• _GIVEN INFORMATION_
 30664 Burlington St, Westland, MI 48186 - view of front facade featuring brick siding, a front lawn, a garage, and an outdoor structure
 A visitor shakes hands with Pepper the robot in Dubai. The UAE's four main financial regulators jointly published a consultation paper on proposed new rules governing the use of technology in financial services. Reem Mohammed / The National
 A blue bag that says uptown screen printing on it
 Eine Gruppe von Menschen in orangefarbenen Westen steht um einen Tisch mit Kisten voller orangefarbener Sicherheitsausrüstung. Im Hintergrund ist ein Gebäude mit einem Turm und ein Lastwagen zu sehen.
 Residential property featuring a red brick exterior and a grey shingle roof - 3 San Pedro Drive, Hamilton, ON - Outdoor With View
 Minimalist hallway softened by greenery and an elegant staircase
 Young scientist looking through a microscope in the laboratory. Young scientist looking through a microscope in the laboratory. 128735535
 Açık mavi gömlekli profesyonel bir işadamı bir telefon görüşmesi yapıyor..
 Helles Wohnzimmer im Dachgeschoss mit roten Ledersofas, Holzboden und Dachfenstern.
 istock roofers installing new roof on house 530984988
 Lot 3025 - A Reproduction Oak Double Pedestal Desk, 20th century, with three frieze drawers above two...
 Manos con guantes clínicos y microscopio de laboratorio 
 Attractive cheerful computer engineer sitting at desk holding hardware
* * *
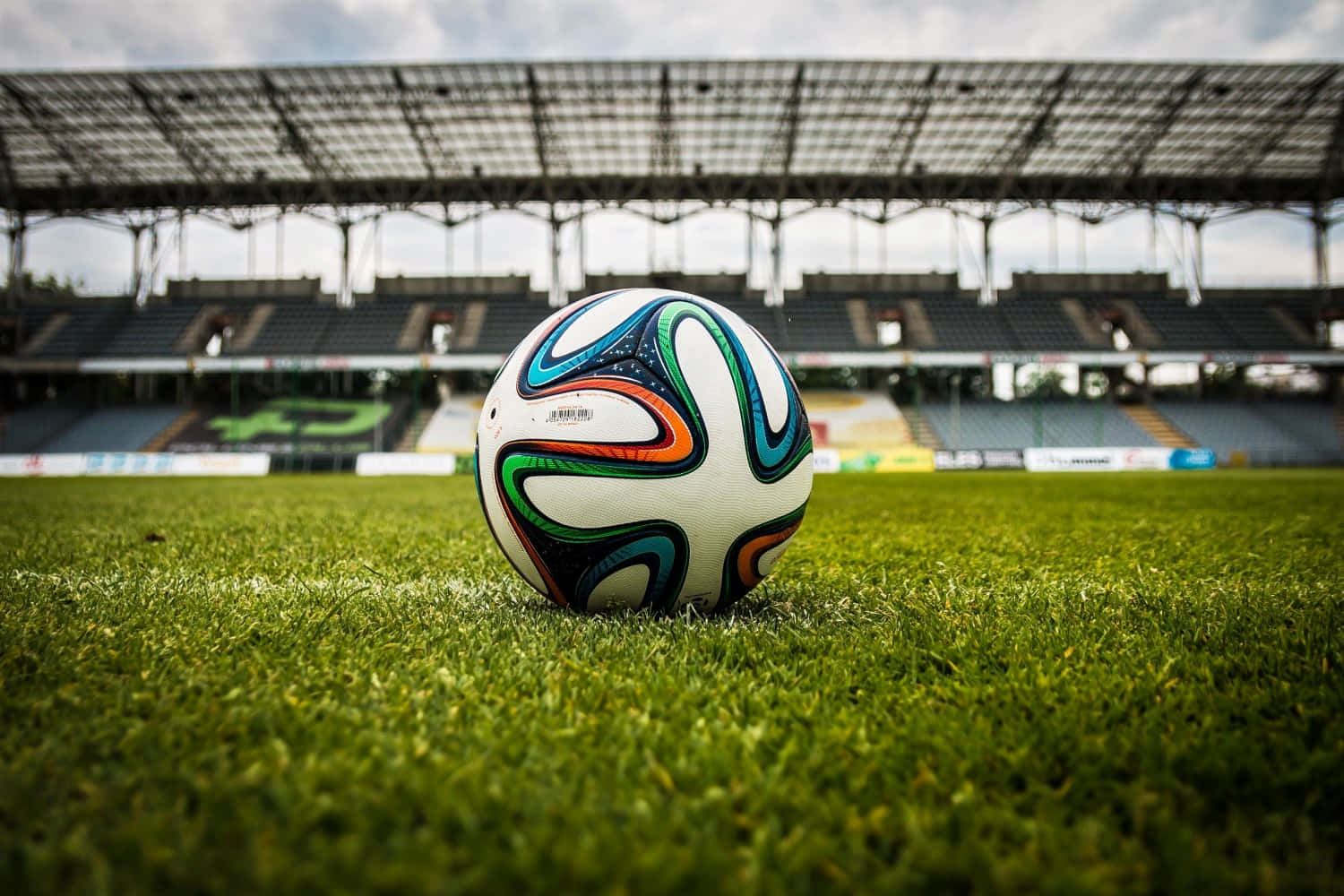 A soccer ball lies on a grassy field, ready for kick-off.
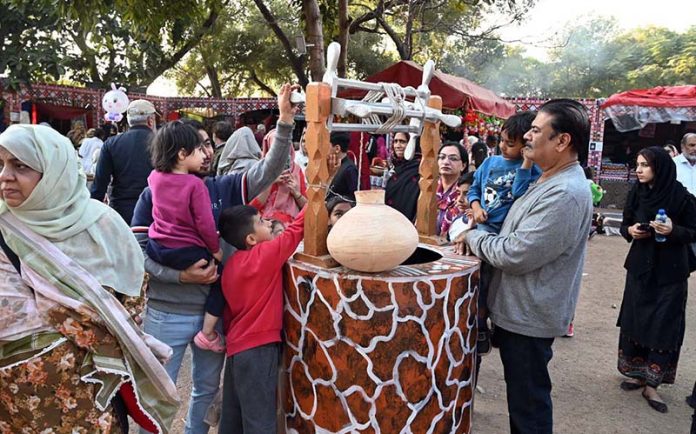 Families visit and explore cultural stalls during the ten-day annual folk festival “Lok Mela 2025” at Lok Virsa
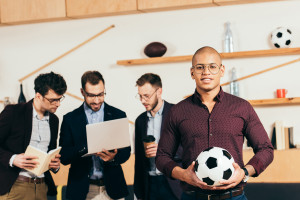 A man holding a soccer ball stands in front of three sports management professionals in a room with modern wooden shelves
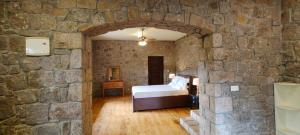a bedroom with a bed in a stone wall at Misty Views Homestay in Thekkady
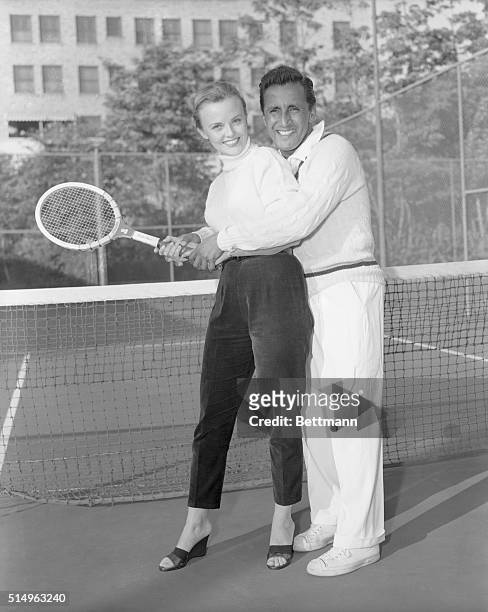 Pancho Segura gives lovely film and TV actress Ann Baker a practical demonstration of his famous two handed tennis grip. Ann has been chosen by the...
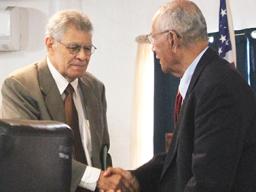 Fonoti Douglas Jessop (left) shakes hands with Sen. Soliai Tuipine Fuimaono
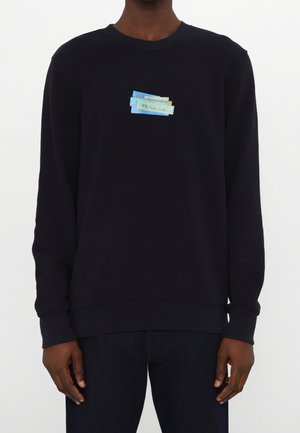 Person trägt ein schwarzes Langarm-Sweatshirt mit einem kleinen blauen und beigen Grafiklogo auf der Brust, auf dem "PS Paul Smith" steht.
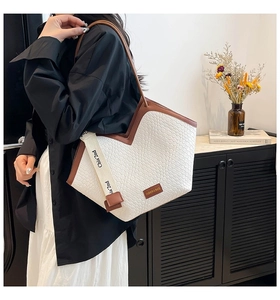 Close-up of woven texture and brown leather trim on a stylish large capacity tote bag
* * *
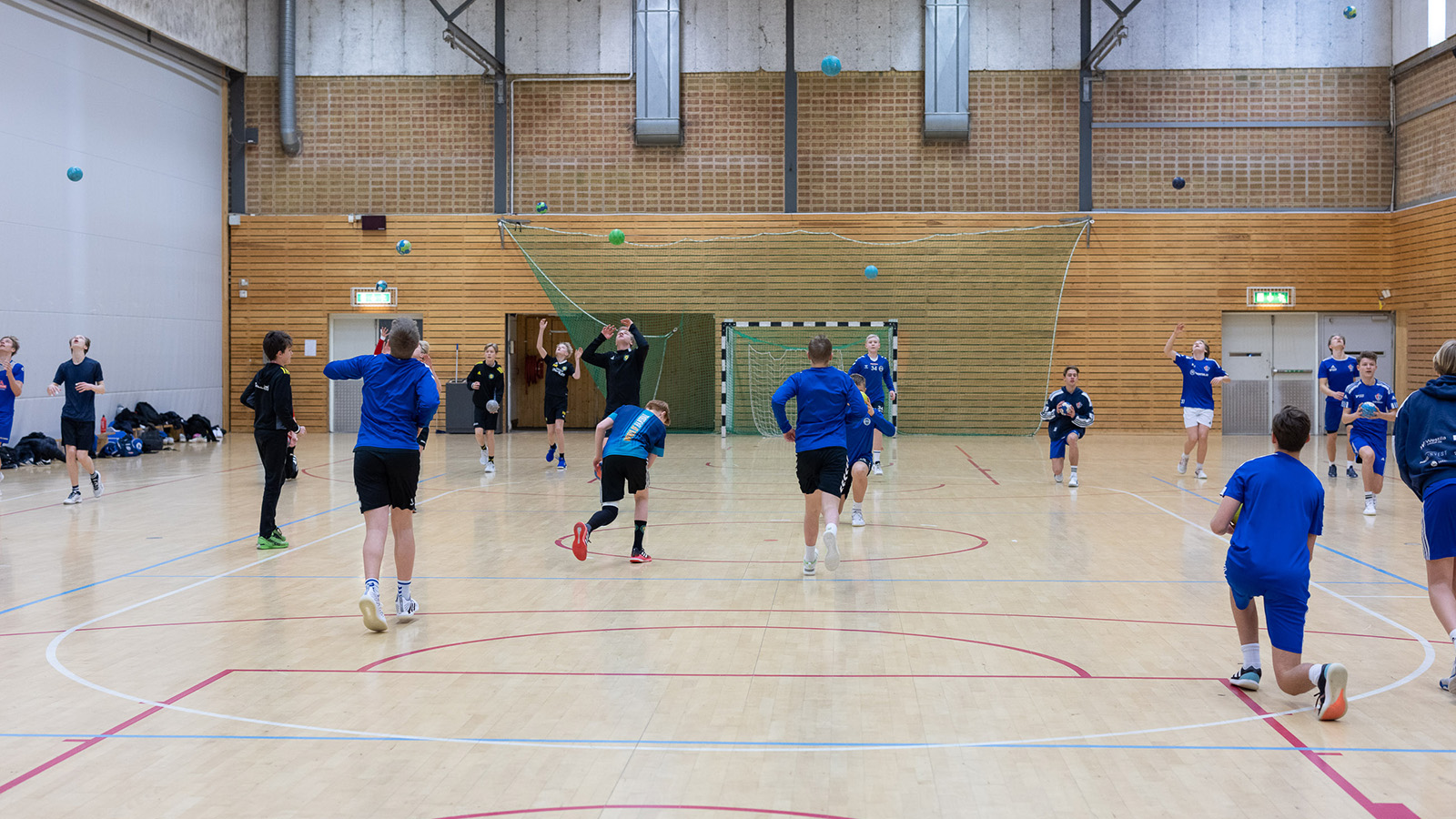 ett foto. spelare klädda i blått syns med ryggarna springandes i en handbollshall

• _ACTIVITY_
Look above for the line holding "Lot 3025 - A". Print it and every line after it, exactly, through the line holding "Attractive cheerful computer".

• _FINAL ANSWER_
 Lot 3025 - A Reproduction Oak Double Pedestal Desk, 20th century, with three frieze drawers above two...
 Manos con guantes clínicos y microscopio de laboratorio 
 Attractive cheerful computer engineer sitting at desk holding hardware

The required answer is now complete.